Another option: longitude = atan2(cos(long), sin(long))

If the programming language you're using supports the % (mod) operator on floating point numbers (like Python and Ruby), I'd recommend using that. Otherwise, some other languages (like C and C++) allow you to use fmod().

(Whichever mod operator you use, make sure ahead of time that it will do mod operations on floating-point numbers, and that it'll always give you non-negative answers. Otherwise you'll get a nasty surprise later when many of your lat/lon points are not correct.)

Use it like this:

# Put the longitude in the range of [0,360):

longitude %= 360



# Put the longitude in the range of [-180,180):

if longitude >= 180:

    longitude -= 360

If you'd prefer to do it all in one line:

# Put the longitude in the range of [-180,180):

longitude = (longitude + 180) % 360 - 180

These approaches have no loops, so they'll normalize longitude values without needing to repeatedly add or subtract, no matter how many times your observation has circled around the earth.

Edit:

Hmmm... I just noticed that Javascript doesn't seem to handle % with negative values like I thought it would.

In that case, try this one-liner:

longitude = (longitude + 36180) % 360 - 180

The 36180 we're adding is 36,000 + 180. The 36,000 is to move a negative value into the positive domain, and the 180 is to shift it over so that when it is modded by 360, it'll be in the range of [0,360). The - 180 part shifts it back to the range of [-180,180).

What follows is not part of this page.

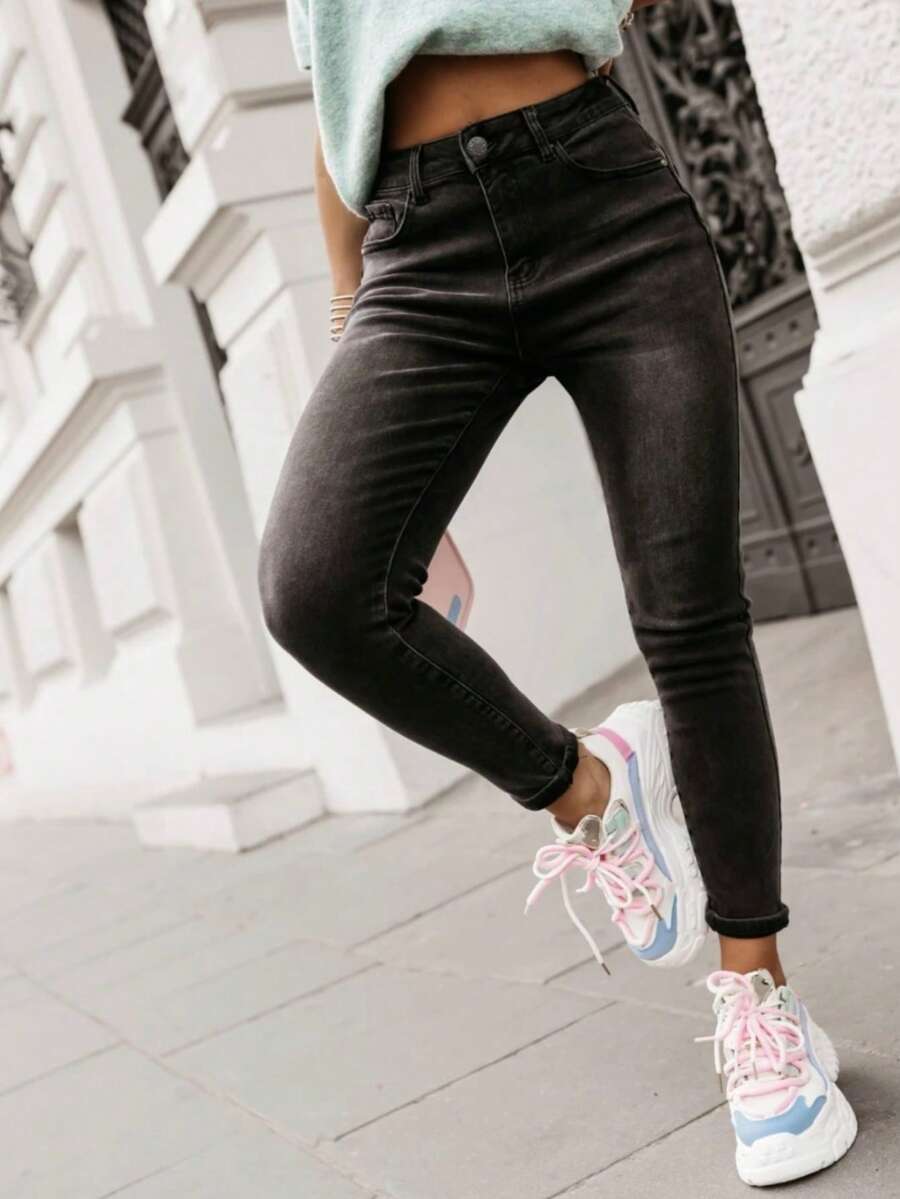 Women's Skinny Jeans With Stretch, Pockets, Comfortable, Button-Down Design, Simple And Suitable For Everyday Wear. - dorong ke atas abu-abu gelap - View 1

Here's another one-liner, one that doesn't rely on 36,000 being big enough:

longitude = (longitude % 360 + 360 + 180) % 360 - 180

The longitude % 360 + 360 part will ensure the value stays in the positive domain when it's later modded by 360. The + 180 part shifts it over so that when it later gets 180 subtracted from it (with - 180), it'll be in the desired range of [-180,180).